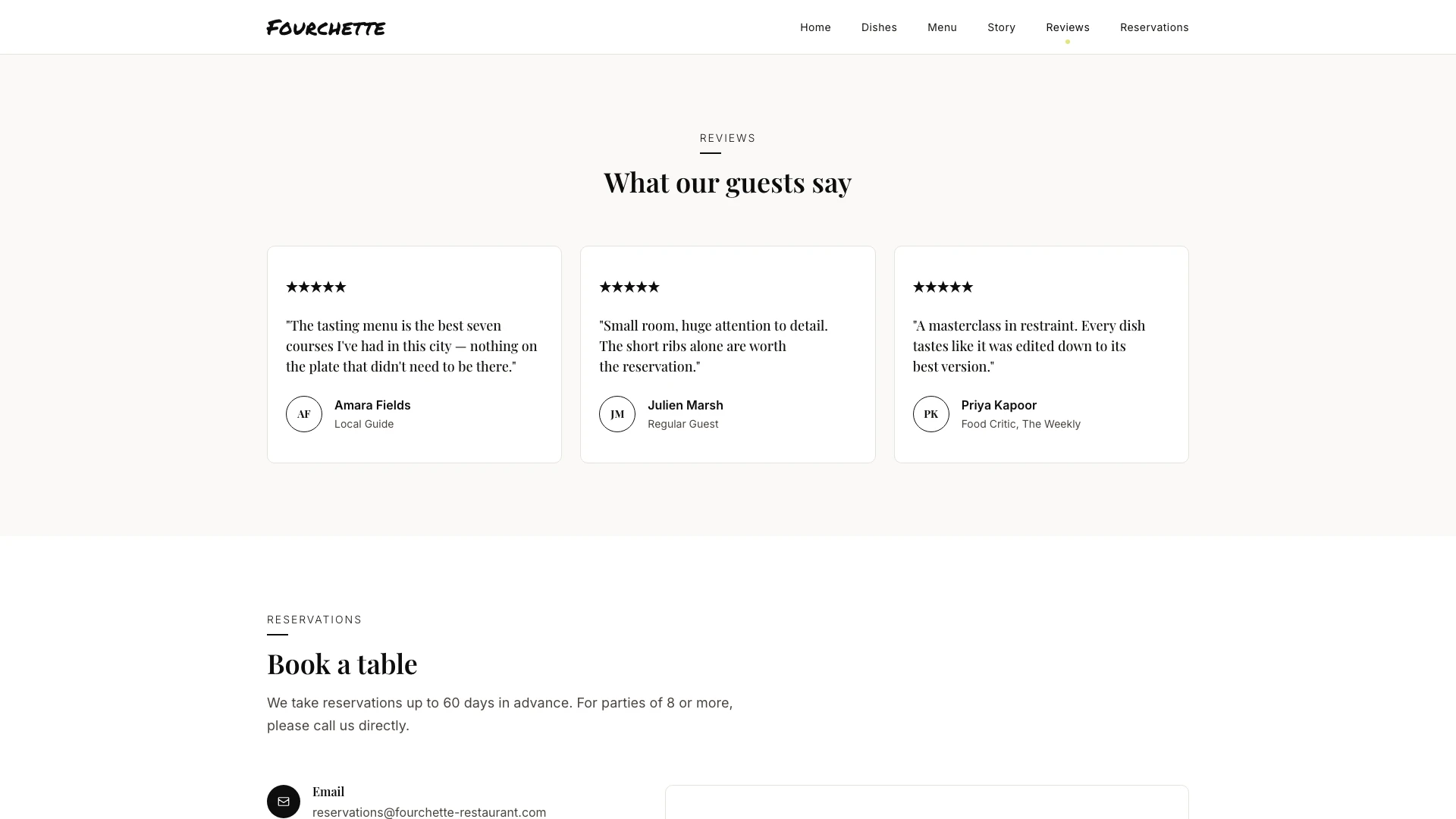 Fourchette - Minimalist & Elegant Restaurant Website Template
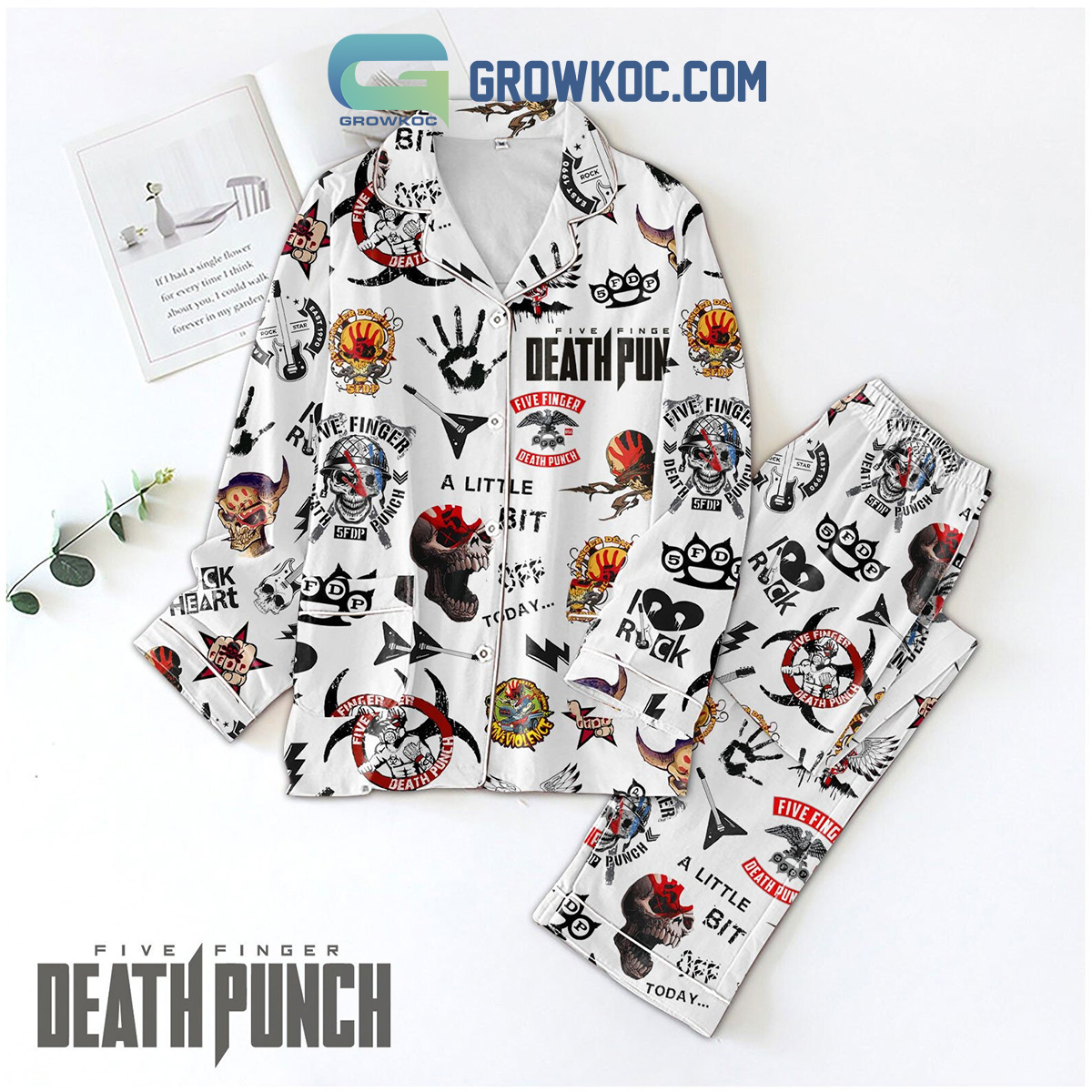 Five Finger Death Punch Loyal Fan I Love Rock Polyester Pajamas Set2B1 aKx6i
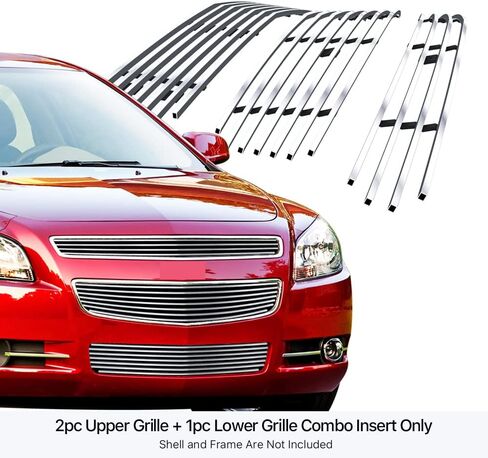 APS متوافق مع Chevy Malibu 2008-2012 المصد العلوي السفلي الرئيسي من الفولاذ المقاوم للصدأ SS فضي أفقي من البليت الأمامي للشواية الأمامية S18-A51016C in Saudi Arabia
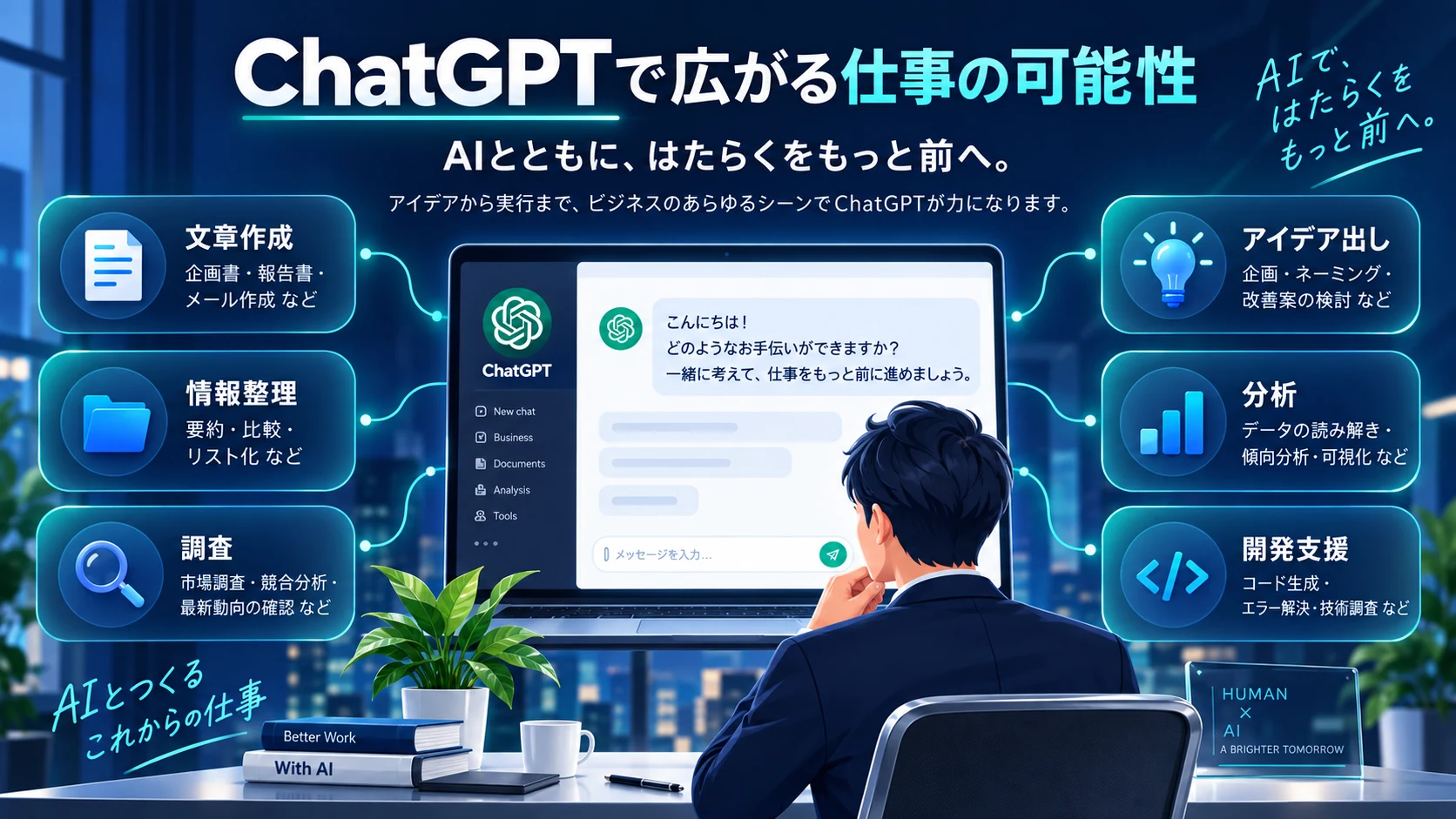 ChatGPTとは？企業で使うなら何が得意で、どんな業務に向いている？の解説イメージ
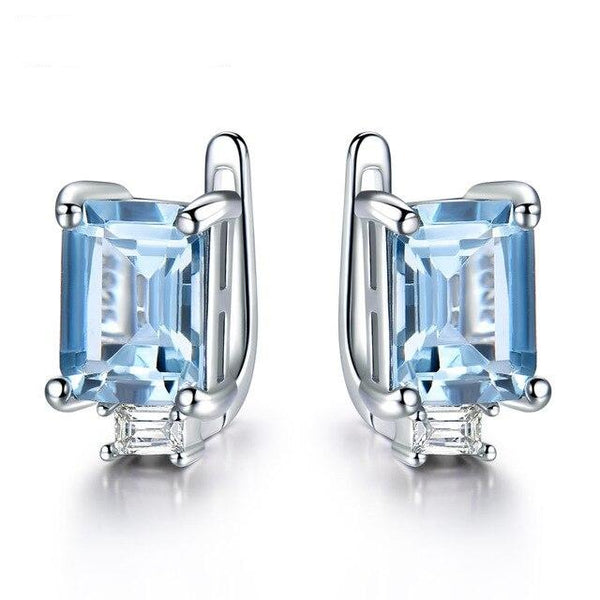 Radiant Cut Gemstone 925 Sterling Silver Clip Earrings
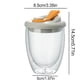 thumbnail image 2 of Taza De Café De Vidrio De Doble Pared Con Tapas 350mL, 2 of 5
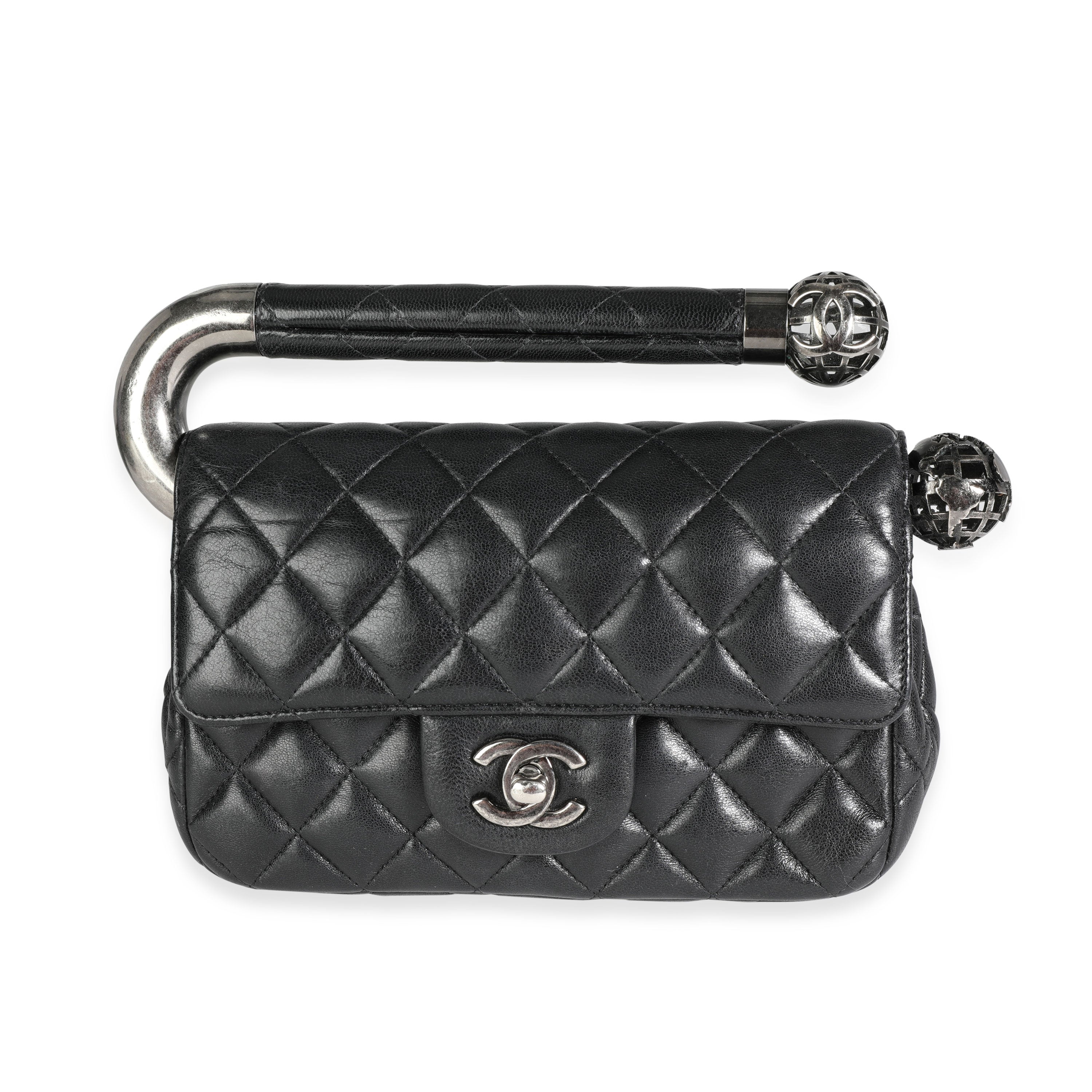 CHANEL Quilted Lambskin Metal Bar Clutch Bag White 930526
____
◆ **Problem to work on**:
From the line containing "thumbnail image 2" down to the last line of the entries above, copy each line exactly and nothing more. Leave pictures out.

◆ **Solution for this task**:
 thumbnail image 2 of Taza De Café De Vidrio De Doble Pared Con Tapas 350mL, 2 of 5
 CHANEL Quilted Lambskin Metal Bar Clutch Bag White 930526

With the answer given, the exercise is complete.